Issue: 10. (October)

First Page: 1313

Last Page: 1345

Title: Origin of Bartlesville Shoestring Sands, Greenwood and Butler Counties, Kansas

Author(s): N. W. Bass (2)

Abstract:

The Bartlesville sand, which produces high-grade oil throughout a region 100 miles long and 50 miles wide, centering in Greenwood and Butler counties, Kansas, occurs in narrow, elongate lenses, each ranging from 50 to more than 100 feet thick, 0.5 to 1.5 miles wide, and 2 to 6 miles long. The lens-shaped bodies are systematically arranged approximately end to end, forming several systems, or trends, each 25 to 45 or more miles long.

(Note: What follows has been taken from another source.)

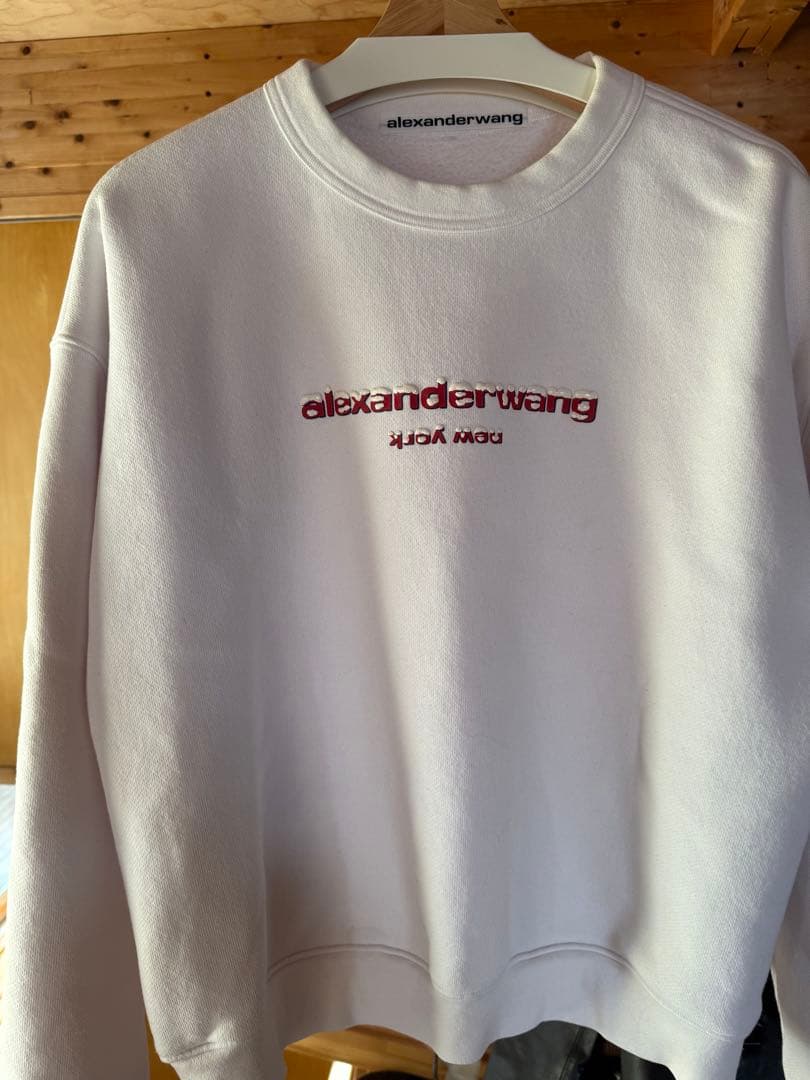 ★なかのさま限定★alexanderwang ホワイト クルーネック トレーナー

Although some facts disclosed by the study appear to indicate somewhat conflicting conclusions, much evidence clearly indicates that the sands were deposited as two systems of offshore bars of slightly different age, bordering the western coast of a shallow sea which occupied much of eastern Kansas and northeastern Oklahoma in Cherokee (Pennsylvanian) time. Certain features in the trends of modern offshore bar systems, found to be characteristic of the Bartlesville trends, are important in extending oil production into unproved areas.

A map showing the thickness of the Cherokee shale in eastern Kansas is included to show the relationship of the ancient shore lines with the Nemaha granite ridge on the west and a broad land area which extended eastward through central-eastern Kansas and there formed a low barrier in parts of Cherokee time. The probable method of burial and preservation of the ancient offshore bars is described, and examples of burial of bars in recent time are cited.